Adrenomedullin enhances invasion of human extravillous cytotrophoblast-derived cell lines by regulation of urokinase plasminogen activator expression and s-nitrosylation.

Extravillous cytotrophoblast (EVCT) is responsible for trophoblast invasion, which is an important process during placentation. Dysregulation of the process is associated with a wide range of pregnancy complications. Adrenomedullin (ADM) is a polypeptide expressed most abundantly in first-trimester placentas. We hypothesized that ADM modulated the invasion of human EVCT. Our results showed that ADM enhanced invasion and migration but not proliferation in two EVCT cell lines, JEG-3 and TEV-1. Similar observation can also be obtained in primary EVCTs.
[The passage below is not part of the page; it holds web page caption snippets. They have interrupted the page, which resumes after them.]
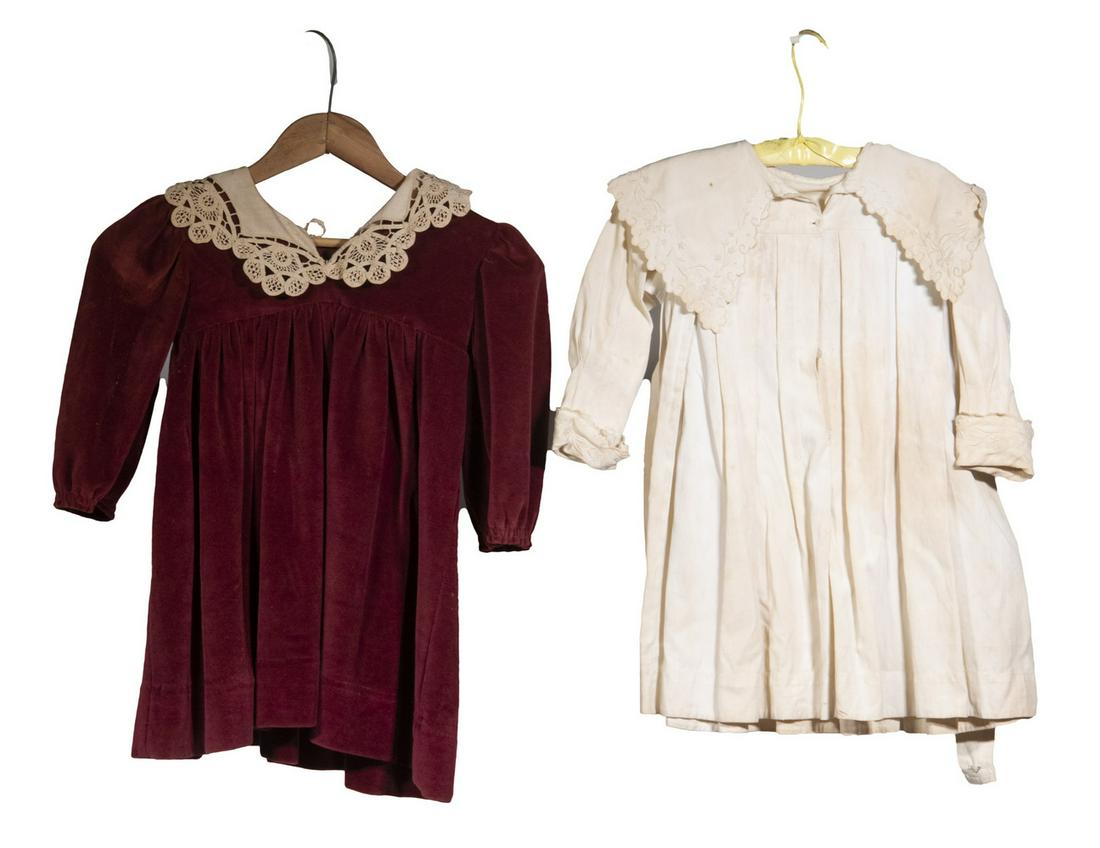 (2) VINTAGE CHILD DRESSES: Including: Burgundy velvet with linen and lace collar, 23" long; and Off white summer dress with self tie, embroidered collar and cuffs, 20 1/2" long. Stains and toning.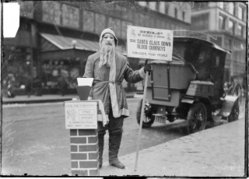 A man dressed up as Santa Claus fundraising for Volunteers of America on the sidewalk of  street in Chicago, Illinois, in 1902. He is wearing a mask with a beard attached. DN-0001069, Chicago Daily News negatives collection, Chicago Historical Society.
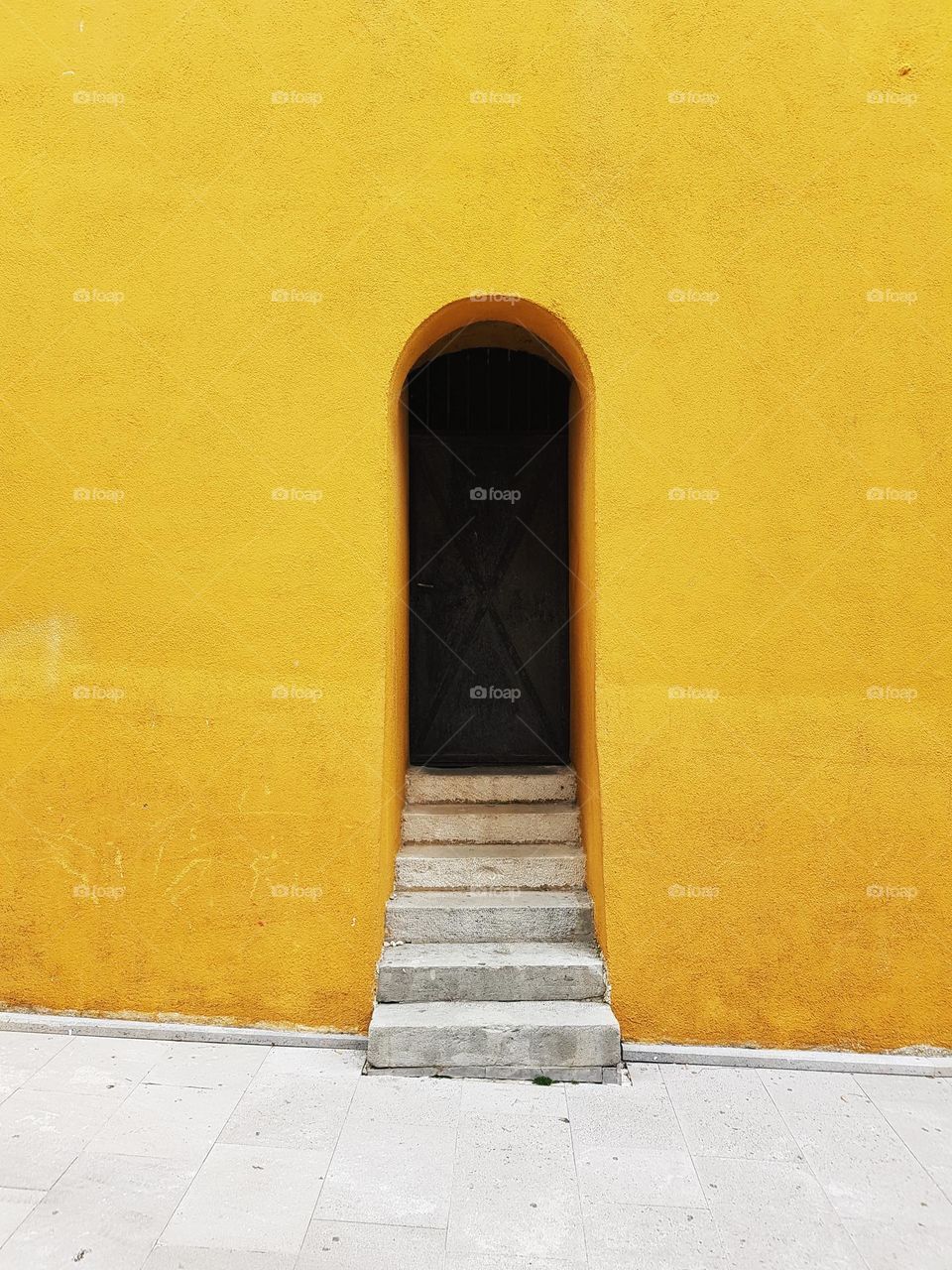 Stone steps leading to dark arched entrance on old building with yellow facade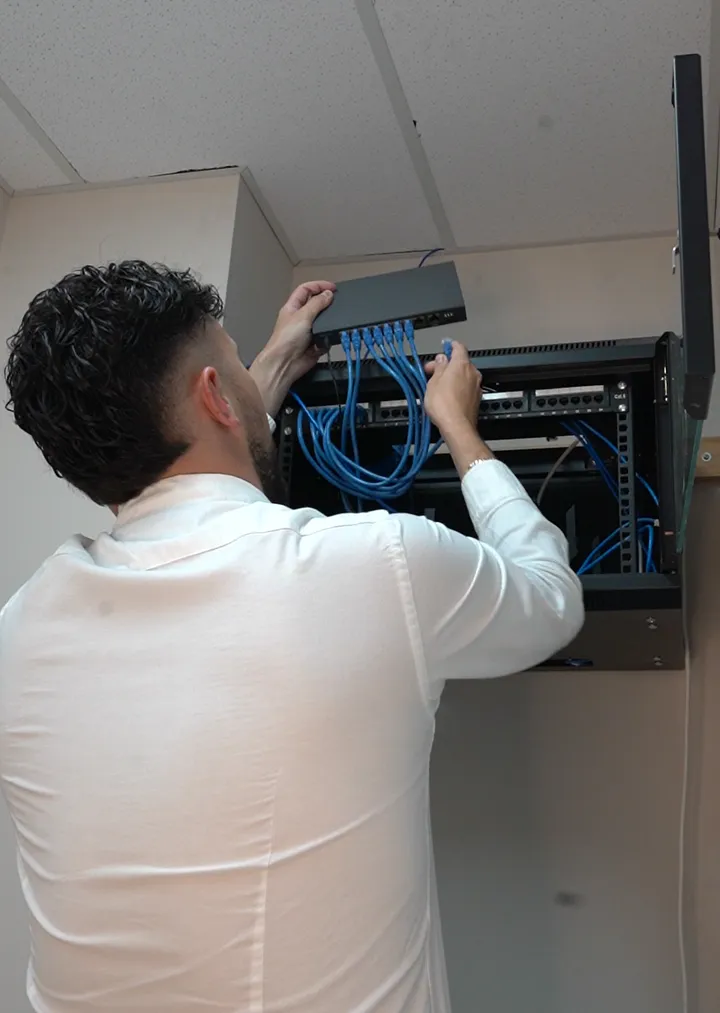 Flash engineer installing a network rack for a South West Sydney business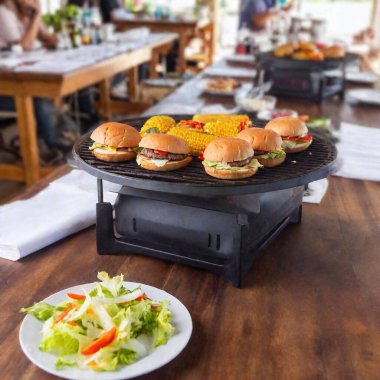 Extreme Wide Shot of a Summer Cookout with Hamburgers and Sides: A soft focus photo showing a summer cookout with hamburgers and side dishes on tables at eye level. clipart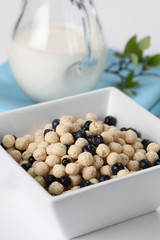 Vanilla cereals with blueberries. Shallow DOF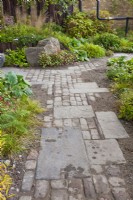 Cobble path leading through perennial and grasst planting. Design: Harris Bugg Studio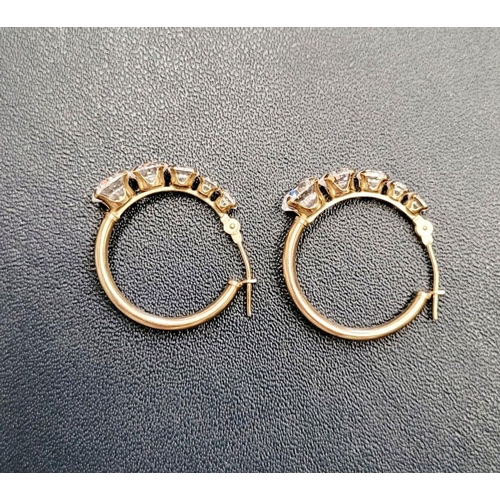 58 - A GREAT PAIR OF 9CT YELLOW GOLD WHITE SAPPHIRE HOOP STYLE EARRINGS, with graduated setting of 5 whit... 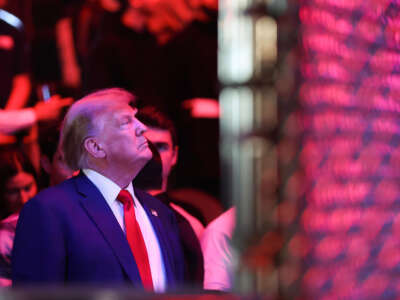 Former President Donald Trump looks on as he attends a UFC event at T-Mobile Arena on December 16, 2023, in Las Vegas, Nevada.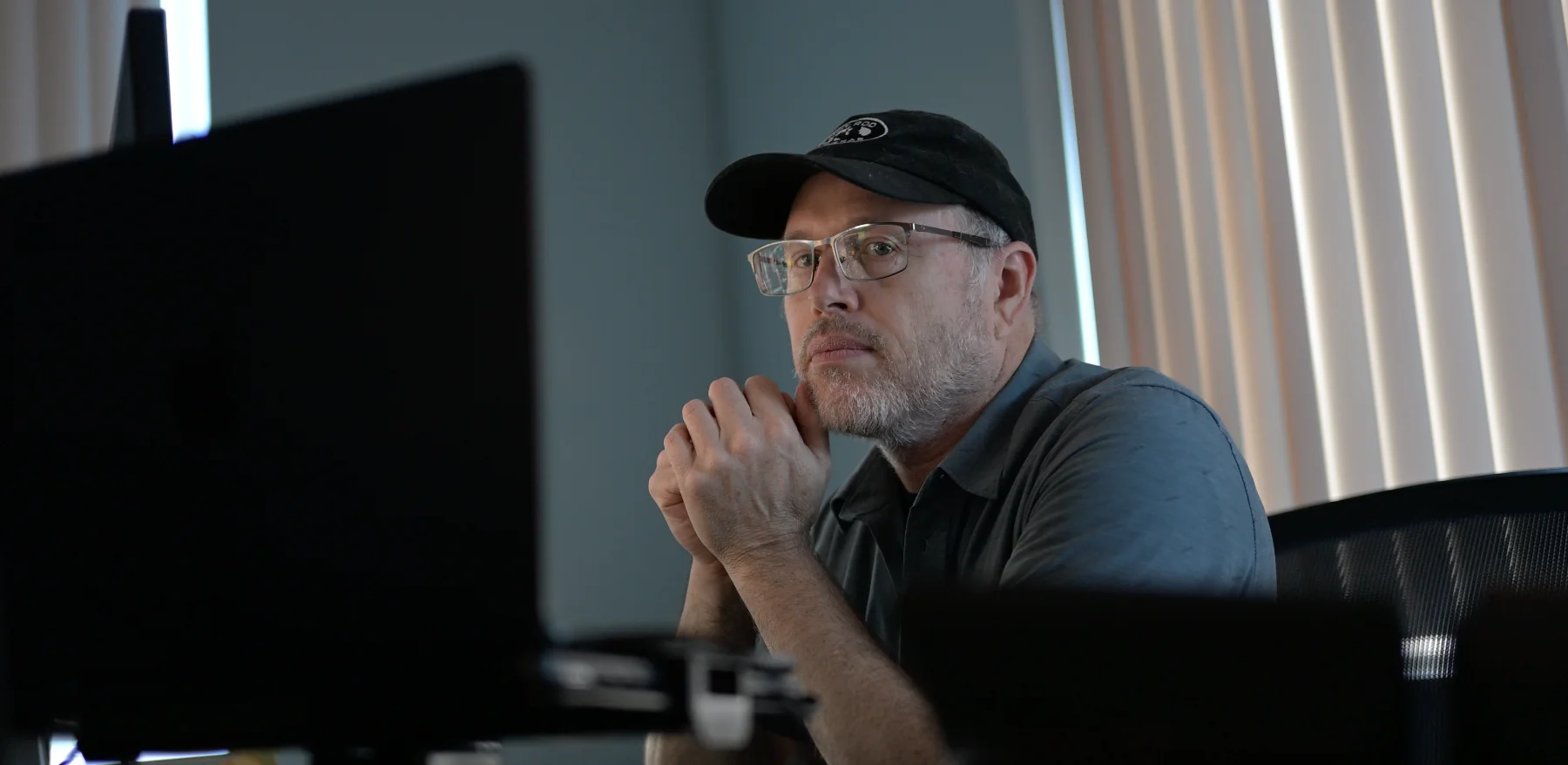 Illya Friedman seated thoughtfully in a warm workshop setting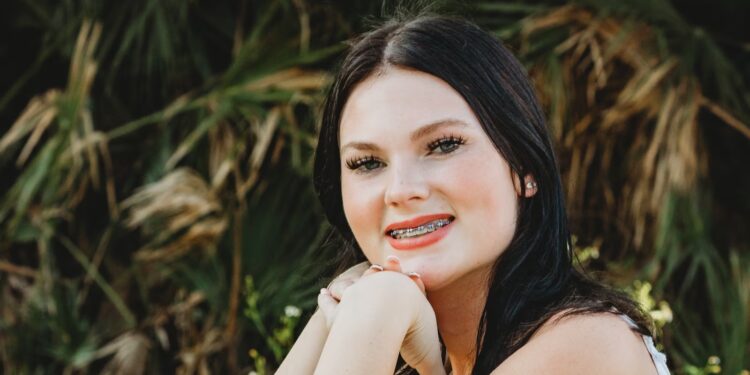 Step-sibling of cheerleader found dead on Carnival cruise may face charges: Filing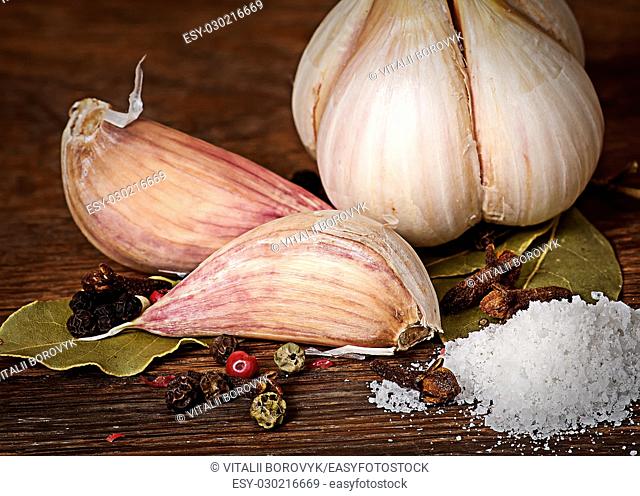 Clove of garlic and spices pile of salt on wooden table
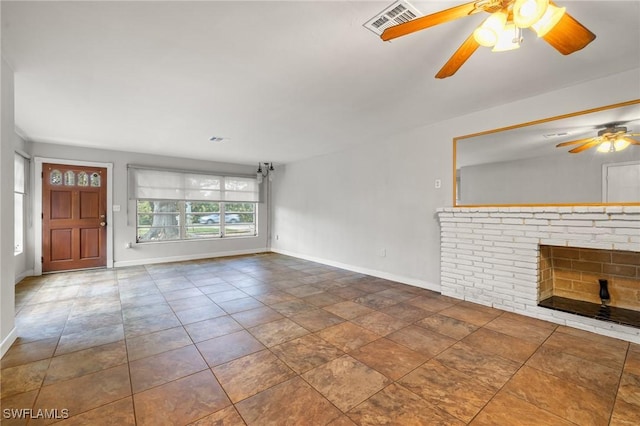 unfurnished living room with ceiling fan and a brick fireplace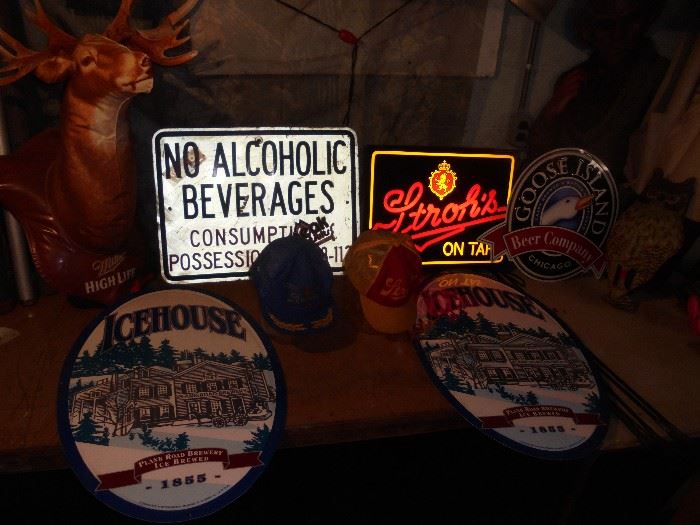 Beer signs and a couple of Stroh's hats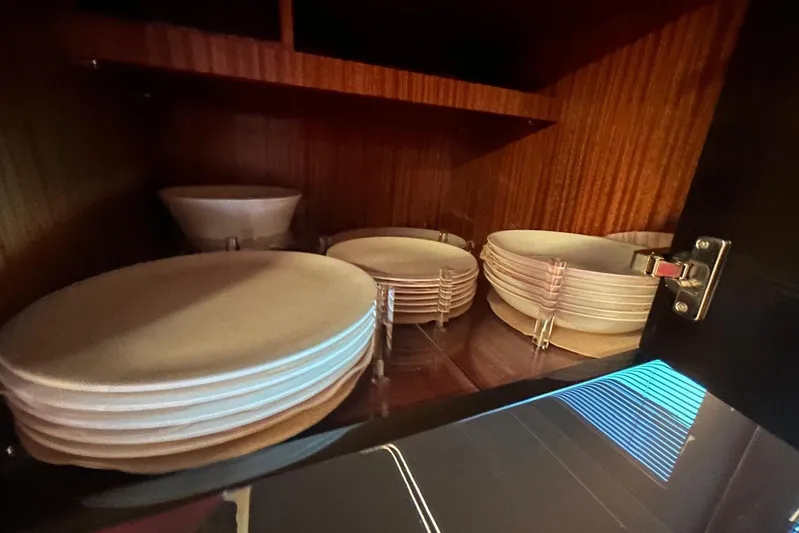  Yacht Photos Pics Cabinet with neatly stacked white plates on a 2024 Riva 56 Rivale yacht.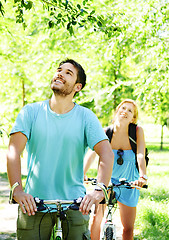 Image showing Young happy couple riding a bicycle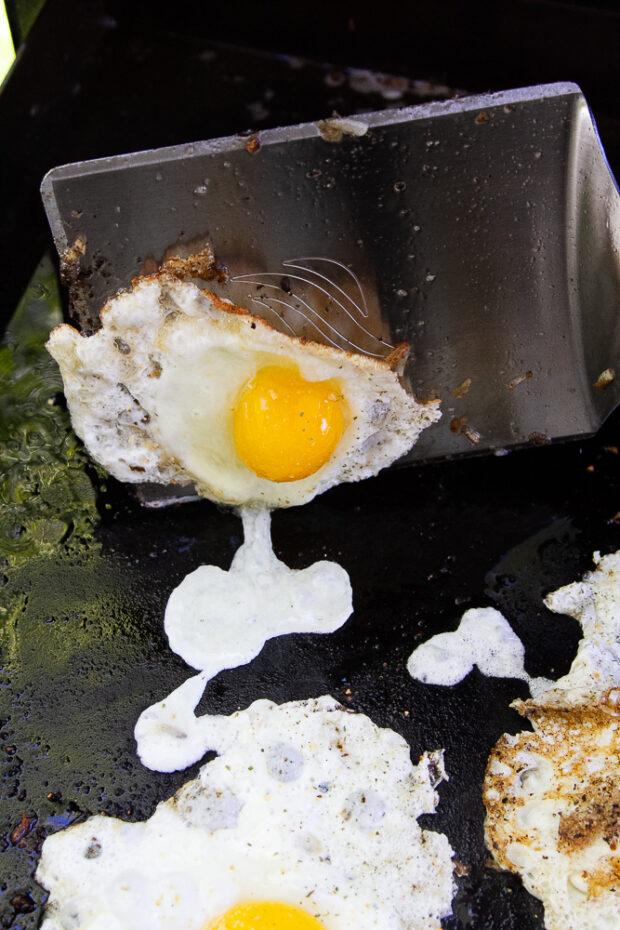 A very large metal spatula flipping over a fried egg.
JEG-3 and TEV-1 cells expressed ADM receptor components as demonstrated by immunostaining, Western blotting, and RT-PCR. The ADM antagonist ADM(22-52) (ADM C-terminal 22-52 amino acid fragment) suppressed ADM-induced invasion and migration, confirming that ADM exerted its biological effects through its classical receptors. The stimulatory effect of ADM on EVCT invasiveness was associated with induction (P < 0.05) of urokinase plasminogen activator (uPA) and nitric oxide synthase (NOS) expression and activity. Silencing of uPA by siRNA transfection abolished the stimulatory effect of ADM, suggesting that uPA is the key mediator for ADM-induced invasion. The involvement of NO in enhancing the invasion and biosynthesis of uPA in EVCT cell lines was confirmed by using pharmacological inhibitors of NOS and NO donors. ADM-mediated NO production also increased protein S-nitrosylation of JEG-3 cells. S-nitrosylation activated uPA in vitro and induced a higher proteinase activity. These findings provide indications that ADM and its downstream NO signaling may play an important role in modulating human EVCT functions.